After our 3rd IUI in April/May in which I got pregnant for the 2nd time - and miscarried at 5 1/2 weeks for the 2nd time, I needed time.
I couldn't hear about every cute thing these kids did. I didn't want to see families at church or hear about how the nursery needs to grow. I couldn't be near parks. Baseball games with kids even made me sad.
It helped that my mom noticed and limited talk about our nephews. It helped to retreat and do my yo.ga. It helped to go on a trip with my best friend - without her kid. It helped to heal.
And I think I'm back. I've been excited to see my nephews again in the last couple of weeks. I quickly saw them Wed night, I'll be seeing them today to go to the pool and again next weekend to see Ma.ry Pop.pins.
If you haven't read Lily's book Infertile Inspiration at The Infertile Mind, please do.
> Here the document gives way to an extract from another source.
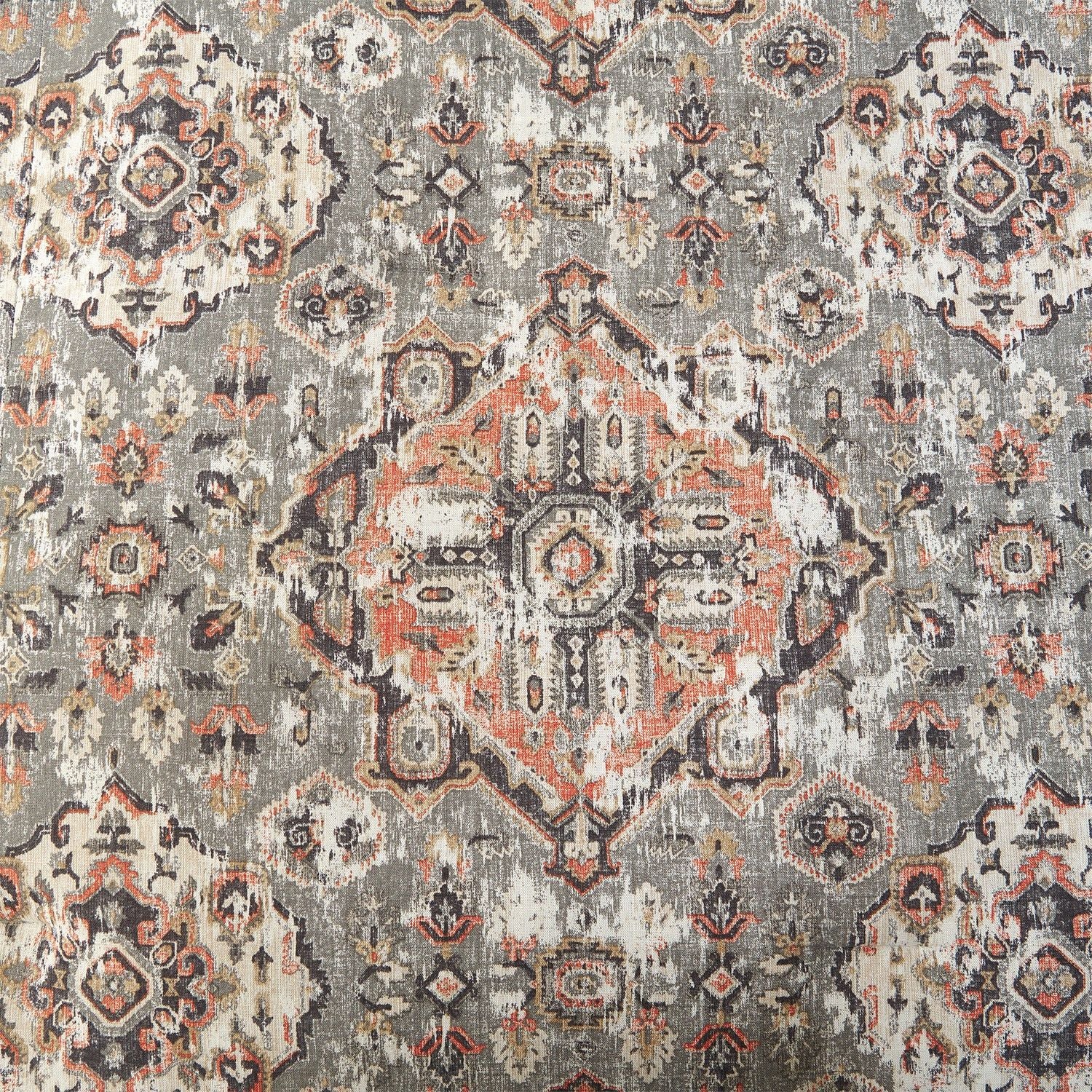 Carmen Kilim - Queen Duvet Cover Set (Set of 3) - Taupe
I've gone back and read it several times now. The statement on page 8 (if you download the book into pdf format) says:
That really resonates with me. I have great children in my life. I remember the adults in my childhood who made an impact. I want to be that person in children's lives who can make an impact. I'm ready to do that again.
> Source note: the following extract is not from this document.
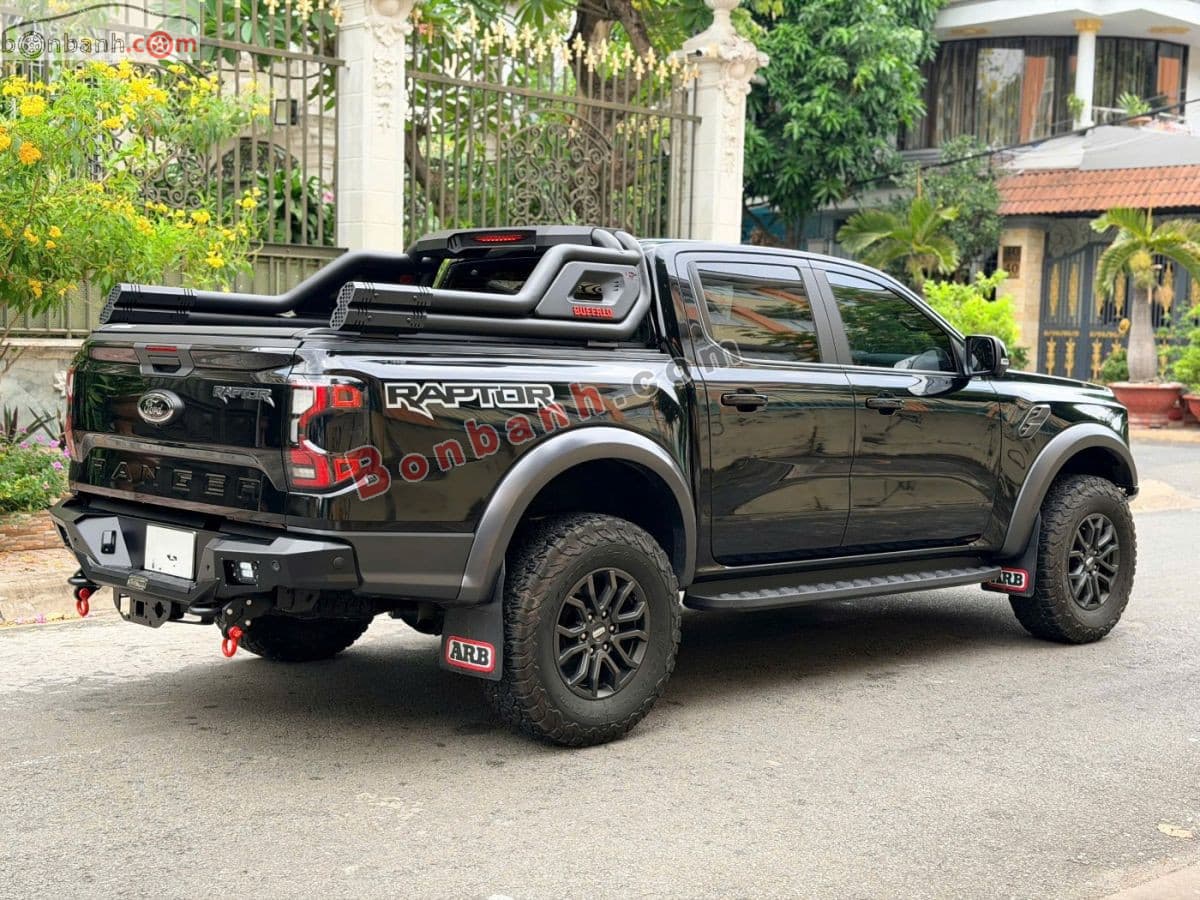 2025 Ford Ranger Raptor 2.0L 4x4 AT - ảnh nhỏ 3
Last night, I kept my best friend's toddler over at our place and I can't wait for him to wake up this morning. He is so cute and so much fun! We took him to the park last night, we'll take him again this morning. He makes lion noises when I ask him what his favorite animal is... (I think he really just likes the noise, not necessarily the animal!)
So, hopefully I'm back. Back to liking kids. Back to hearing what cute things they do. Back to taking them to the park or pool. Back to being the adult who can make an impact in another child's life, simply by being with them.